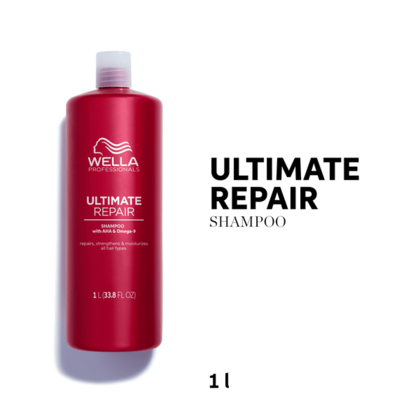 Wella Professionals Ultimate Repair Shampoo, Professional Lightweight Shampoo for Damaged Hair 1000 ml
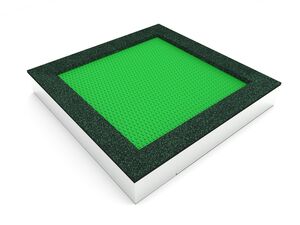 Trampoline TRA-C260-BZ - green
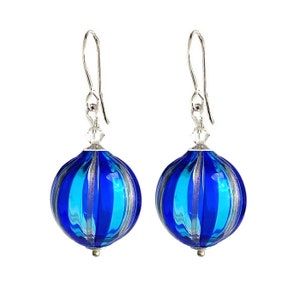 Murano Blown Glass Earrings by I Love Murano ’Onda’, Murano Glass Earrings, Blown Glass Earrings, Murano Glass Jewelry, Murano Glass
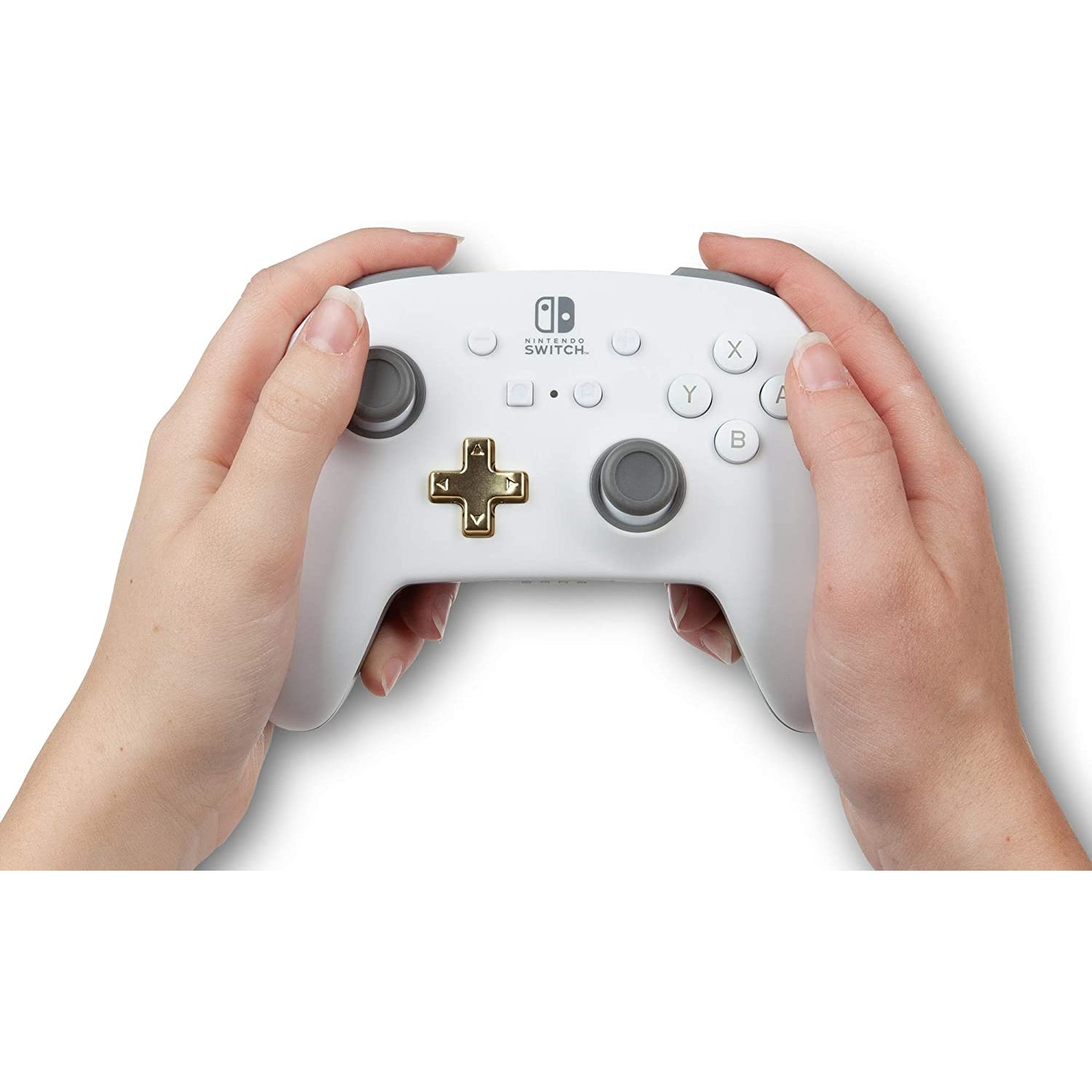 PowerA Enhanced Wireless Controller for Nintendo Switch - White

Problem statement: Drop the images; restate the listing exactly.

Problem solution:
 Wella Professionals Ultimate Repair Shampoo, Professional Lightweight Shampoo for Damaged Hair 1000 ml
 Trampoline TRA-C260-BZ - green
 Murano Blown Glass Earrings by I Love Murano ’Onda’, Murano Glass Earrings, Blown Glass Earrings, Murano Glass Jewelry, Murano Glass
 PowerA Enhanced Wireless Controller for Nintendo Switch - White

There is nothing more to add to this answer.